▸ **Given entries**
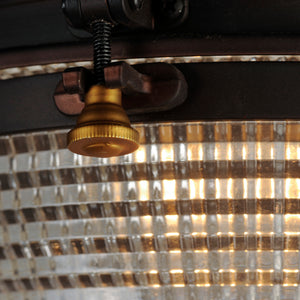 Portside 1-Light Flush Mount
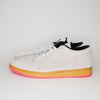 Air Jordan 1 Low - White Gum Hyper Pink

==

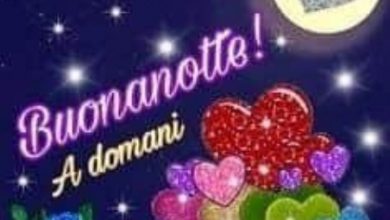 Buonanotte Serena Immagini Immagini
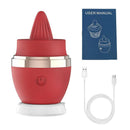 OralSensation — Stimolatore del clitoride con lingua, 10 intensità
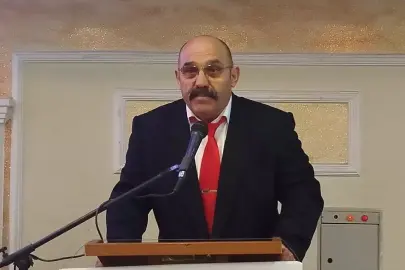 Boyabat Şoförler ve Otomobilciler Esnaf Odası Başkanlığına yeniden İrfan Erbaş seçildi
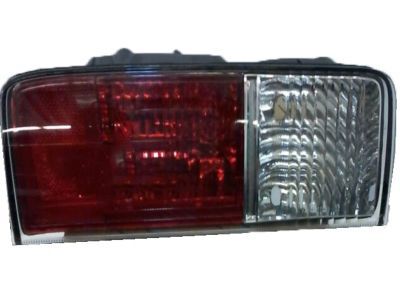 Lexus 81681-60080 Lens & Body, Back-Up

▸ **Work to complete**
Copy the lines above between the one holding "Portside 1-Light Flush Mount" and the one holding "Air Jordan 1 Low - White Gum Hyper Pink", inclusive. Drop the pictures.

▸ **Answer**
 Portside 1-Light Flush Mount
 Air Jordan 1 Low - White Gum Hyper Pink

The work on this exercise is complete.